**Dataset**:
--- --- ---
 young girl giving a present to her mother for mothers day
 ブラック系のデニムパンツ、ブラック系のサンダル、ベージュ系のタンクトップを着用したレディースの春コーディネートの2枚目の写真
--- --- ---
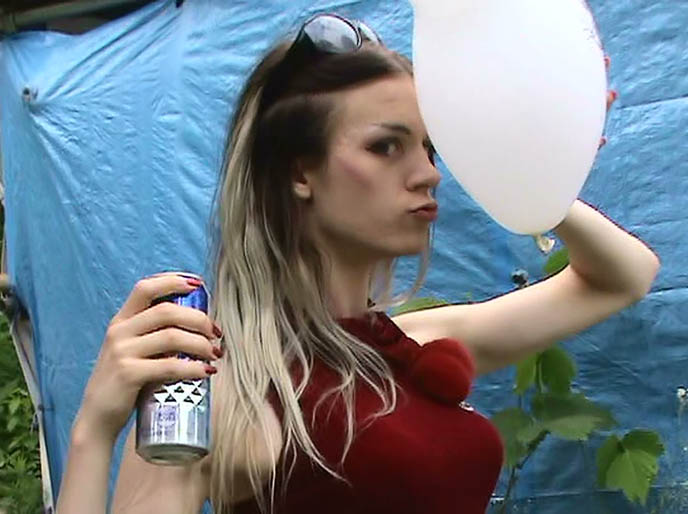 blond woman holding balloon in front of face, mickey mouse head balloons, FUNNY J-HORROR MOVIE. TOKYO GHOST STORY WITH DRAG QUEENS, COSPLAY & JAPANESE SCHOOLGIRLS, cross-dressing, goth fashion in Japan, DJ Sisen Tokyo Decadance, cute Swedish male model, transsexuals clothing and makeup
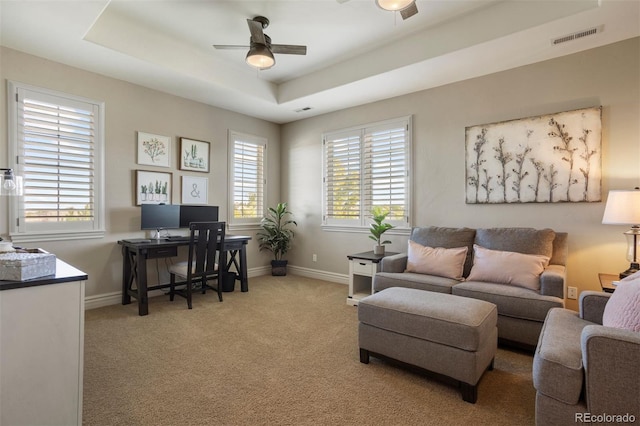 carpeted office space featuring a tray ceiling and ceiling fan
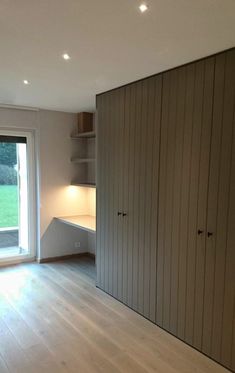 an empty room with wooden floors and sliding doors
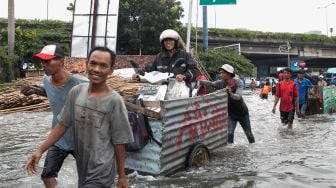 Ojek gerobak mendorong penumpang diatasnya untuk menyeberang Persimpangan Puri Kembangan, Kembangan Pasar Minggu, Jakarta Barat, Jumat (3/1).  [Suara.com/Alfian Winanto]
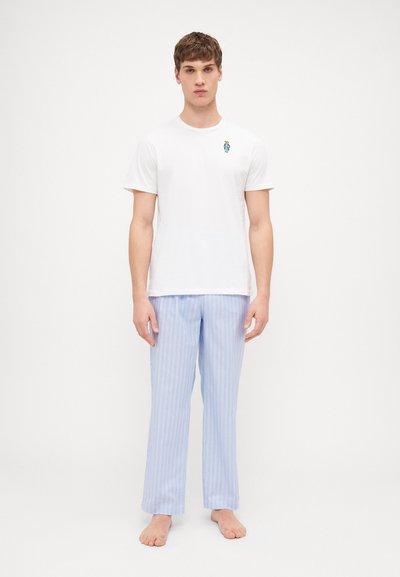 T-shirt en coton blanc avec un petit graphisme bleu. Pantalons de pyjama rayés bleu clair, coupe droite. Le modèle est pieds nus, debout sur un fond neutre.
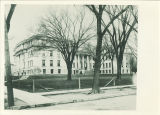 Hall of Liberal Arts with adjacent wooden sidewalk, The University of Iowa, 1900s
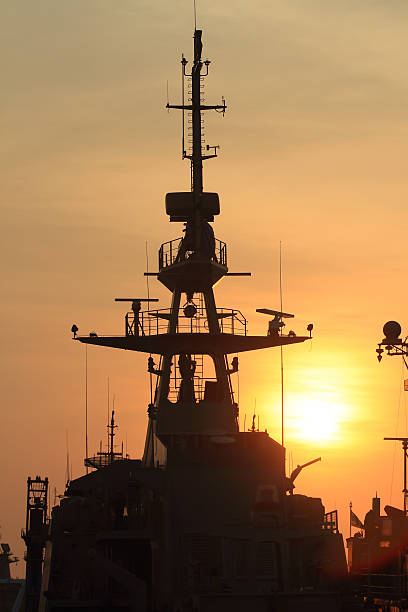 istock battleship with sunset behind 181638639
--- --- ---
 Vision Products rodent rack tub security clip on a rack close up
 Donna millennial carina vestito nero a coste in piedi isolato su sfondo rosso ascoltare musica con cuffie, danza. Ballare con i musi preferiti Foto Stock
--- --- ---
**Exercise objective**:
Begin with the line that has "young girl giving" in the listing above and end after the line that has "ブラック系のデニムパンツ、ブ"; output those lines exactly.

**Solution to the exercise**:
 young girl giving a present to her mother for mothers day
 ブラック系のデニムパンツ、ブラック系のサンダル、ベージュ系のタンクトップを着用したレディースの春コーディネートの2枚目の写真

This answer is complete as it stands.